As his parents, we tried to give him a glimpse of the dream God put on our hearts. What we saw not just for us, but for him, his brother and sisters, and for the people of Denver and at Seasons Church. God’s Word does the same thing, it gives us a picture of promises that when we step out in faith, He will be faithful.
Your “yes” changes the context for everyone around you. It can open doors for community, freedom, and even rest for yourself or those in your sphere of influence.
For me and my husband, our “yes” can change the trajectory of our family and impact our kids. I want my kids to not just be told about God’s miracles but to experience them. We are the primary model for our kids as they grow up. So, if that’s the case, and I’m withholding and not wanting to continue to say “yes” over and over again, how will they? I want to make it easy for my kids to walk by faith and to submit themselves to God’s will. We can tell our kids to be faith-filled, or they can live it. And as they walk it out, they will understand and experience how our surrender makes way for the supernatural, and see how God is always faithful. That is why we are saying “yes” to planting Seasons Church: to win people to Jesus and help transform their lives.
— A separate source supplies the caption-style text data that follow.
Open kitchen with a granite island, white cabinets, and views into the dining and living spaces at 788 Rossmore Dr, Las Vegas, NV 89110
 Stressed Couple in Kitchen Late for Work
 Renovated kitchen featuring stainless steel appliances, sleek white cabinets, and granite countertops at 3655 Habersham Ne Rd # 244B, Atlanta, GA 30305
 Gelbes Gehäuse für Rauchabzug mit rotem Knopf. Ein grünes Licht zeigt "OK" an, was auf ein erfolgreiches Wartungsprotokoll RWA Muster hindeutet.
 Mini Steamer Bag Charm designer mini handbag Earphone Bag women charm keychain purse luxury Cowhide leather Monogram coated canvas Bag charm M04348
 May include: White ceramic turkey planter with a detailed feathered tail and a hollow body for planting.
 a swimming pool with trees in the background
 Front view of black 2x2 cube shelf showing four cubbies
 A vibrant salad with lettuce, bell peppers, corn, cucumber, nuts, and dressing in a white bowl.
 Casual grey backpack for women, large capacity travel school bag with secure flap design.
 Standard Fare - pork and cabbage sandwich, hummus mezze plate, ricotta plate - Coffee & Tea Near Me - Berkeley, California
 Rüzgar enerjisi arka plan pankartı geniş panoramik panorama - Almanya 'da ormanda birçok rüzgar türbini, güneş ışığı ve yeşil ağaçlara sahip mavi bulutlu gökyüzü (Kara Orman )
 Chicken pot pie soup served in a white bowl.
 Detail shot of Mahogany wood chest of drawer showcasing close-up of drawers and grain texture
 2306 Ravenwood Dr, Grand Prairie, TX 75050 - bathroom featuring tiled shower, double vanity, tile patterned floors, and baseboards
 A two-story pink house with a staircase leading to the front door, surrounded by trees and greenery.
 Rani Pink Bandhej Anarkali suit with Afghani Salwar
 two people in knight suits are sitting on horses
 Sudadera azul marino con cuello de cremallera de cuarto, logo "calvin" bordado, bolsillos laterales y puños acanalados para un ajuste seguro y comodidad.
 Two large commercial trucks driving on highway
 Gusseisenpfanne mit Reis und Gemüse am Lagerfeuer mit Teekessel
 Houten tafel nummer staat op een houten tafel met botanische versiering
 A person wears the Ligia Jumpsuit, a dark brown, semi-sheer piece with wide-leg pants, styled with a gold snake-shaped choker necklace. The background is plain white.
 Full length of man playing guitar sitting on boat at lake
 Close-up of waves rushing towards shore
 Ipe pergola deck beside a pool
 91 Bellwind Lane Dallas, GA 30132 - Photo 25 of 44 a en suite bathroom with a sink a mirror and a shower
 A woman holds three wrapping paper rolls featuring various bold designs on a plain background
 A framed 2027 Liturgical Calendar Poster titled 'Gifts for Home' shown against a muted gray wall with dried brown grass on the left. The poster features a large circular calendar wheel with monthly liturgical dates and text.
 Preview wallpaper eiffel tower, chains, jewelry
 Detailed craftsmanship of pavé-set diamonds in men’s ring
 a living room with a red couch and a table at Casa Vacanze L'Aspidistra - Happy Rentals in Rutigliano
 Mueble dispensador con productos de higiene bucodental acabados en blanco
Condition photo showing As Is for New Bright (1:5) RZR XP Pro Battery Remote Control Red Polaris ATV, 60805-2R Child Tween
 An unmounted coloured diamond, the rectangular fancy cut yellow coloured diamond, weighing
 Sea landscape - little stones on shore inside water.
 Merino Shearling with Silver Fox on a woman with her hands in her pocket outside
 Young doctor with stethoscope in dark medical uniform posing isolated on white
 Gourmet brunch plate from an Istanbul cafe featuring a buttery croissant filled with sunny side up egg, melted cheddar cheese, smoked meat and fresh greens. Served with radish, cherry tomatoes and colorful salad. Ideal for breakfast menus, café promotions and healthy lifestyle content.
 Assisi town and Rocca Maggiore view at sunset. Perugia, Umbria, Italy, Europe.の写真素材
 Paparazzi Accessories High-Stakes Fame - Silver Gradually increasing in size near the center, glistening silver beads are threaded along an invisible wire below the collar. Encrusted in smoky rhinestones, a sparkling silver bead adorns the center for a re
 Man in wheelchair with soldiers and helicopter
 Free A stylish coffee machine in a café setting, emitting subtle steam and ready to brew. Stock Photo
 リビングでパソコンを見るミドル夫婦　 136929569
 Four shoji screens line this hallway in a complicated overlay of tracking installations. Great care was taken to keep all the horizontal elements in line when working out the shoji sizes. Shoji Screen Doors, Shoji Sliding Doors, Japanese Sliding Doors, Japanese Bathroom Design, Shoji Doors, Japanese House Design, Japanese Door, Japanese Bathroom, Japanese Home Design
I think back to when my dad passed and fear started to try and take me over, to stop me from moving forward in so many areas in my life. In that moment, as I’m holding my dad’s hand as he passed from this earth to eternity, I was reminded that life is short. And now, I have the choice to continue to live in or even pass on the pain and fear of loss, or I could use that moment to drive me towards purpose. For me, a large part of that purpose is to create a place for people to feel welcomed, loved, and to feel at home, while ultimately leading people Home. And that took me saying “yes” again.
Saying “yes” isn’t a one-time event, it’s a complete life of surrender. Because it’s not about us. It’s about Him and His plan to bring His most loved creation Home. That’s ultimately what our “yes” represents.
“Not my will but yours be done.”
So, “Yes, And…”
1 Wikipedia, February 2019.
2 Tony Schwartz, The Power of Starting With ‘Yes’, The New York Times, April 2015.